- Developer: Abject Modernity Internet Creations Inc.
- Publisher: Abject Modernity Internet Creations Inc.
- Release: 1996

= The Stone (video game) =

1997 video game

The Stone is an online game developed by web company Abject Modernity Internet Creations Inc. in 1995. The mystery game was created in 1996 but launched as a consumer product in 1997. People had to buy a physical stone containing the login credentials to the website, which was unheard of at the time. In 1999, The Stone was profiled by Forbes magazine.

"Stoners", a film about The Stone, was released by Rod Bruinooge and Scott Jaworski in September 2004. It covered the activities of the internet/online gaming community that emerged around The Stone. Pink Floyd provided the soundtrack to the film, with all music taken from The Division Bell Album.

==Gameplay==
Puzzles of The Stone are located in a place called The Immediate. There are a total of 216 Stone puzzles, grouped into 6 categories, each category having 6 different levels of difficulty. Once all the puzzles are solved, The Stone is said to unlock an ancient mystery called the Enigma. The secret of The Stone is kept by the Stonekeepers.
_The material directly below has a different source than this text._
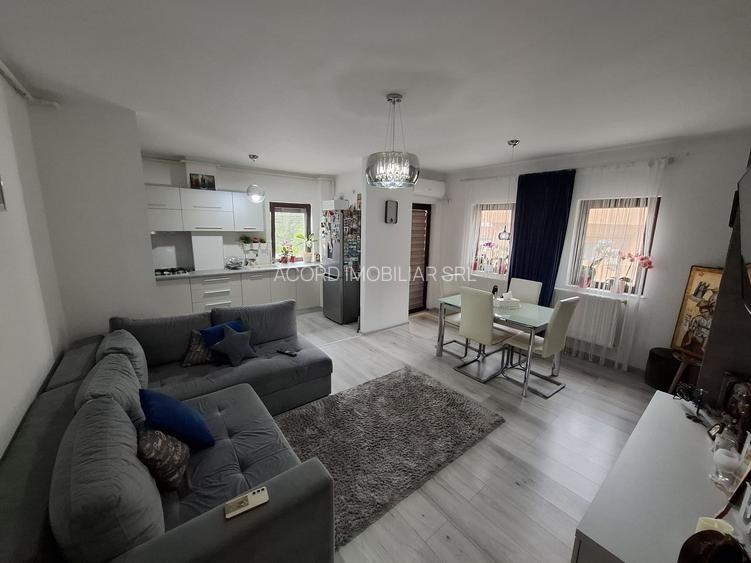Apartament cu trei camere și loc de parcare în bloc nou din cartierul Km4 - 2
A player of The Stone is often referred to as a stoner. When trying to solve a certain Stone puzzle, a stoner may go to a place called The Commons and ask for a nudge (i.e., a hint) from other stoners who have already solved that particular puzzle. Once a stoner has solved all available Stone puzzles, he or she is allowed into the Sisyphus Lodge.
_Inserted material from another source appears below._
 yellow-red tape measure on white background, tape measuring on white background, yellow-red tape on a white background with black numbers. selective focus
==Championship tournament==
The Stone Championship Tournament, also known as the Final Six Tournament, began September 30, 2005. The first Stone player to solve all of the six final puzzles would be crowned Champion of The Stone and would immediately be granted the status of Stonekeeper. The tournament was won August 11, 2007 by the Stone players "Gary_" and "cinnabar." The solution to the Enigma was discovered August 22, 2007 by Stone player "grissy".
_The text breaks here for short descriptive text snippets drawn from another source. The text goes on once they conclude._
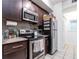 Well-equipped kitchen with dark wood cabinets at 955 Juniper St Ne # 4022, Atlanta, GA 30309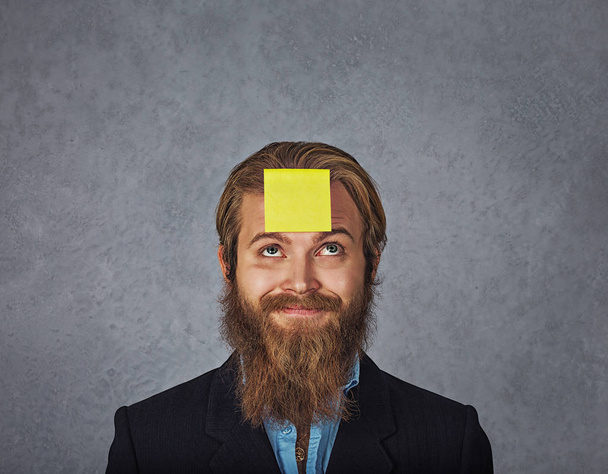 bearded smiling business man looking up to the sticker stick on his head forehead - Foto, imagen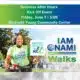 A woman in a green shirt promoting NAMI Vicksburg Walk for Mental Health at a community event.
Subsequent to the completion of the Final Six Tournament, the tournament puzzles were opened to all the remaining Stone players as the Final Six Redux, featuring slightly different answers for some of the puzzles. The Redux was won by the Stone players "BlindSide" and "morgana".

Following the Redux, a set of eight final puzzles (including the last ever Stone puzzle "Essence") was released as a mini-tournament known as "Outside the Immediate". This mini-tournament was won by the Stone players "Ultraspx", "morgana", "irisbb", "enobarbus" and "BlindSide".

==Shutdown==
On April 3, 2008 at Midnight PST The Stone shut down for good. The puzzles from The Stone can be found at The Stone Monument (now hosted at Scarecrow's Field), although no user data was preserved so users must re-solve the puzzles of the Immediate. Stoners can still get nudges through the Scarecrow's Field forums.

==Legacy==
Other internet/mystery games such as The Stone Unturned and Scarecrow's Field were inspired by The Stone.